The castle was originally built by and for the Anglo-Norman Hodnett family, but was taken by the De la Roch (Roche) and De Barra (Barry) families in the 14th century. The Hodnetts later however leased-back their lands. Some sources suggest that Walter Raleigh occupied the castle in the 16th century, before being reoccupied by the De Barra family, and used by Roger Boyle, 1st Earl of Orrery to garrison troops during the Irish Confederate Wars in the mid-17th century.
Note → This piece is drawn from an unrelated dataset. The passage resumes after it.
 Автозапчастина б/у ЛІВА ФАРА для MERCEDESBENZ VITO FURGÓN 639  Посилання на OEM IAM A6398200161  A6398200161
By the 19th century the castle had fallen into ruin. During World War I, the castle received an increase in visitors when local coachmen brought sailors docked at nearby Queenstown (Cobh) to the castle - reputedly under the impression that they were actually visiting Blarney Castle and its Blarney Stone. The castle was occupied and somewhat modified by the Irish Army during the Emergency (1939-1945).

The castle was sold in the early 21st century, with planning permission granted in early 2016 for restoration for use as a private dwelling. This redevelopment was completed in late 2018, with additional artworks positioned on the roof of the tower house. The castle's owners are among the sponsors of local football club Cobh Ramblers FC.